[Crawled caption data]
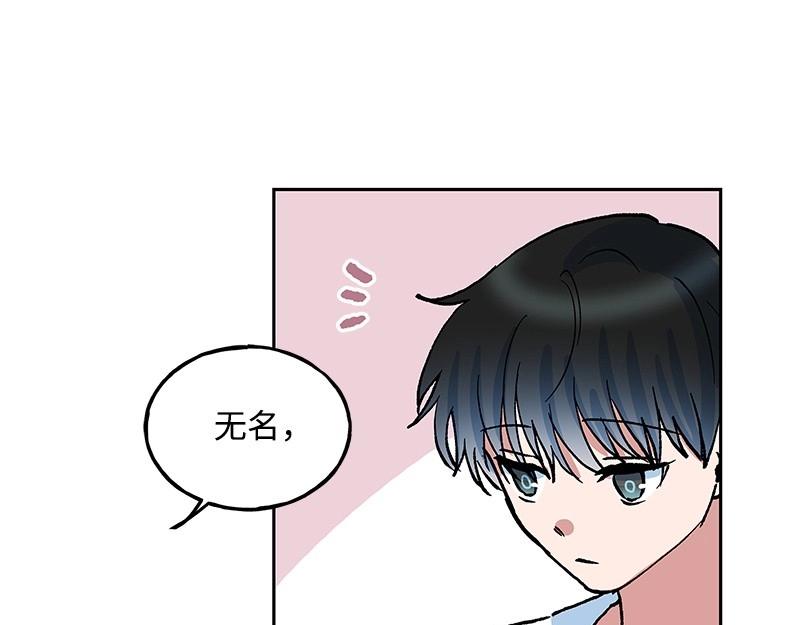 12 怜悯之心117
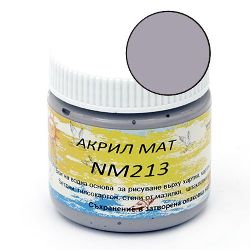 Ακρυλικό ματ χρώμα LORKA 75 ml - γκρι vintage NM213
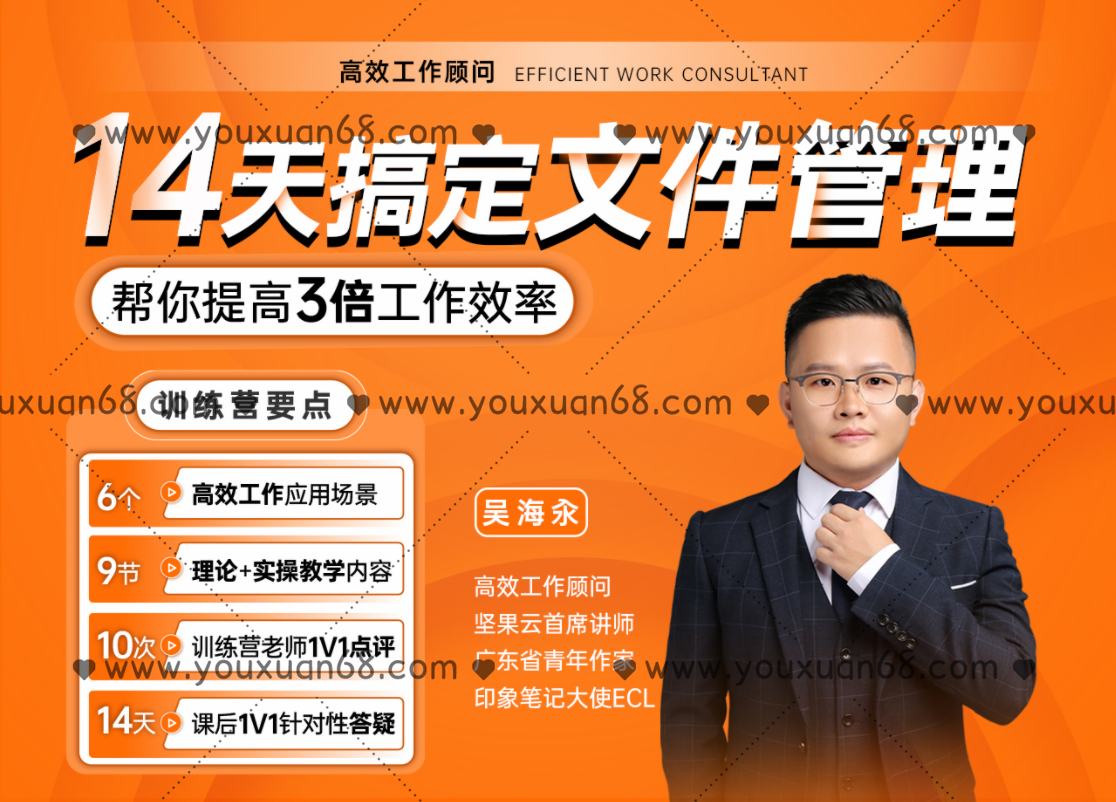 海子文化?14天堅(jiān)果云文件管理訓(xùn)練營_百度云網(wǎng)盤視頻教程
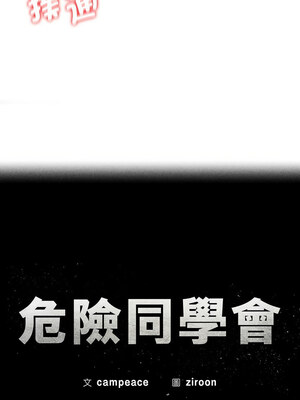 危險同學會 38-39話_38_02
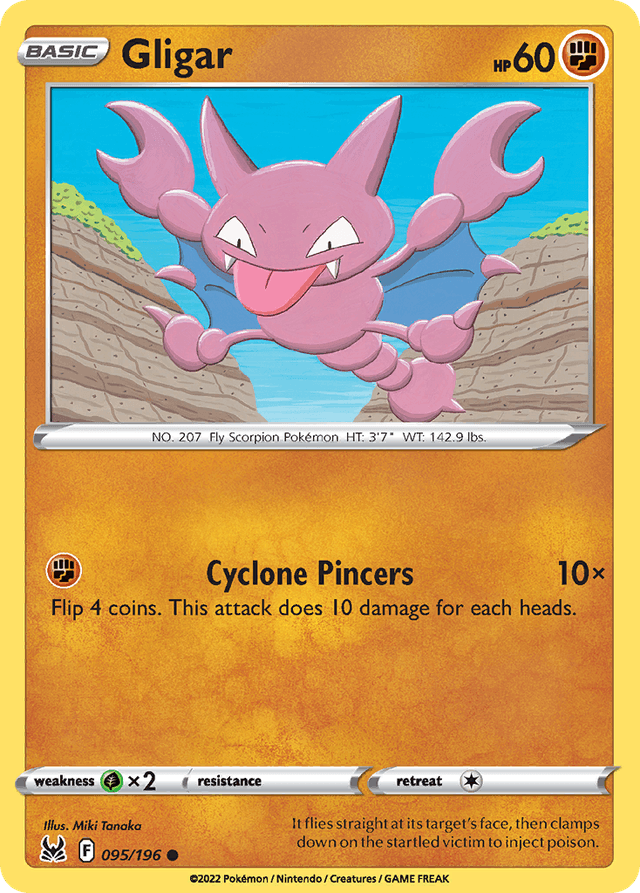 Gligar SWSH11-95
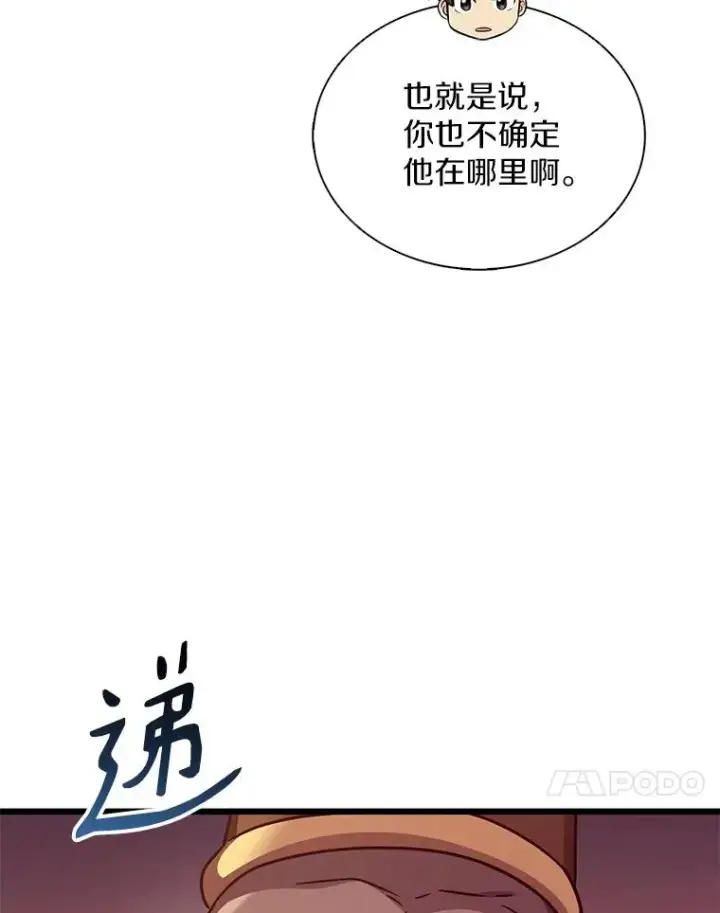 漫画《魔弹射手》117.救世主第62张图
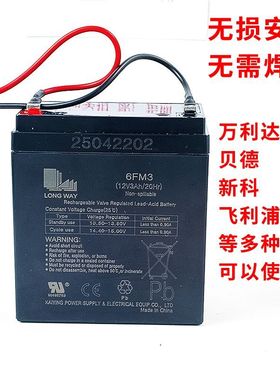 M+9000万利达6FM3音响电池12v3Ah户外广场舞电瓶M+9019大容量通用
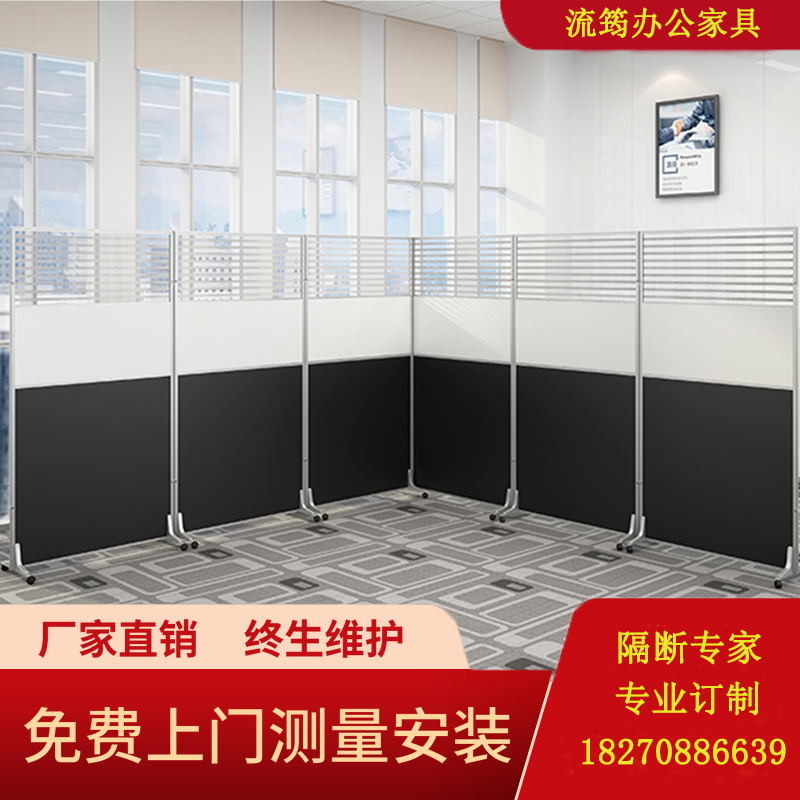 办公室移动屏风隔断现代简约移动高隔断板式推拉隔墙折叠活动屏风|ruв категории коммерческий/офисная мебель, офисная мебель, экран перегородка, Управление экраном/перегородка - от Buy2taobao.com для оказания профессиональной услуги покупки агента Taobao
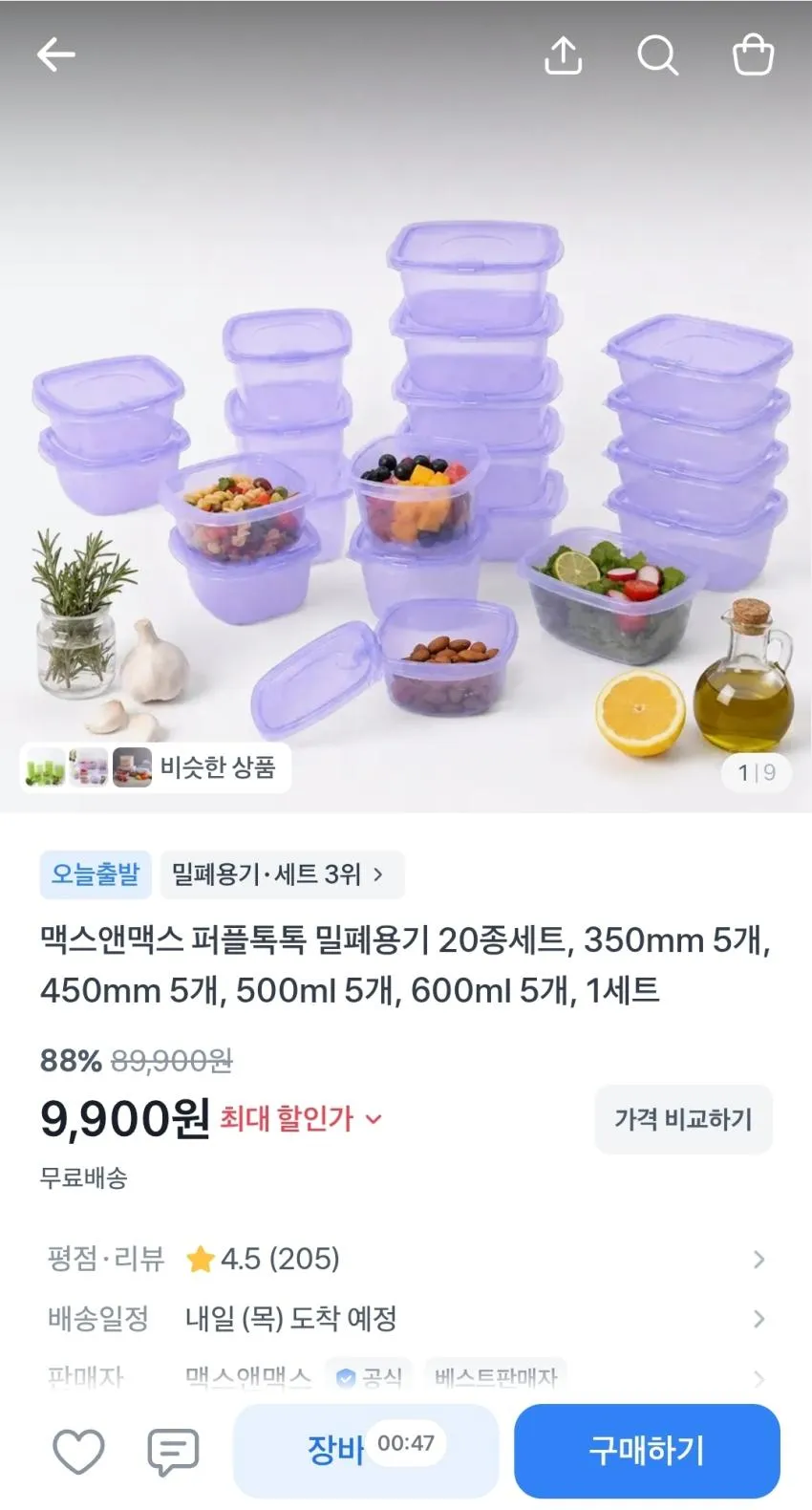 반건조 오징어 10마리,
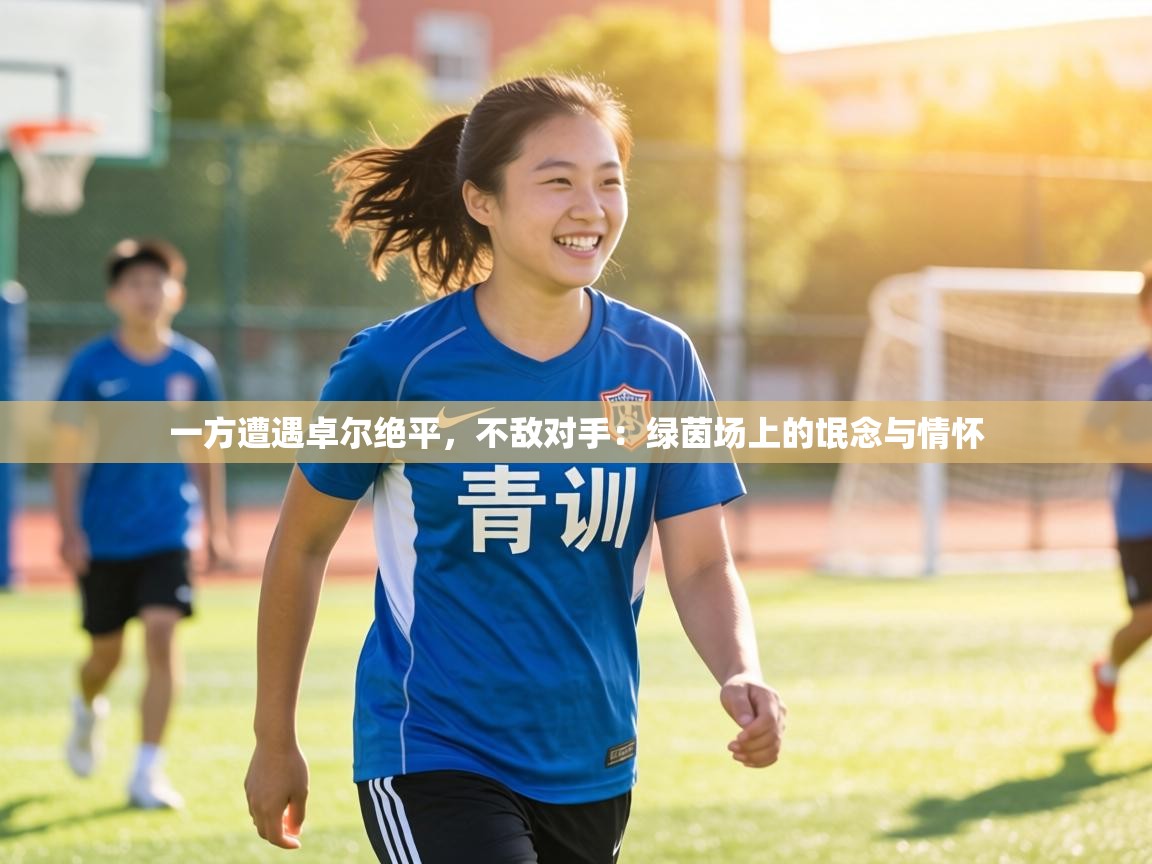 一方遭遇卓尔绝平,不敌对手:绿茵场上的氓念与情怀 第2张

● Exercise objective
Give an exact copy of the line containing "M+9000万利达6FM3音" and every line after it through the end of the entries. Pictures are to be dropped.

● Exercise response
 M+9000万利达6FM3音响电池12v3Ah户外广场舞电瓶M+9019大容量通用
 办公室移动屏风隔断现代简约移动高隔断板式推拉隔墙折叠活动屏风|ruв категории коммерческий/офисная мебель, офисная мебель, экран перегородка, Управление экраном/перегородка - от Buy2taobao.com для оказания профессиональной услуги покупки агента Taobao
 반건조 오징어 10마리,
 一方遭遇卓尔绝平,不敌对手:绿茵场上的氓念与情怀 第2张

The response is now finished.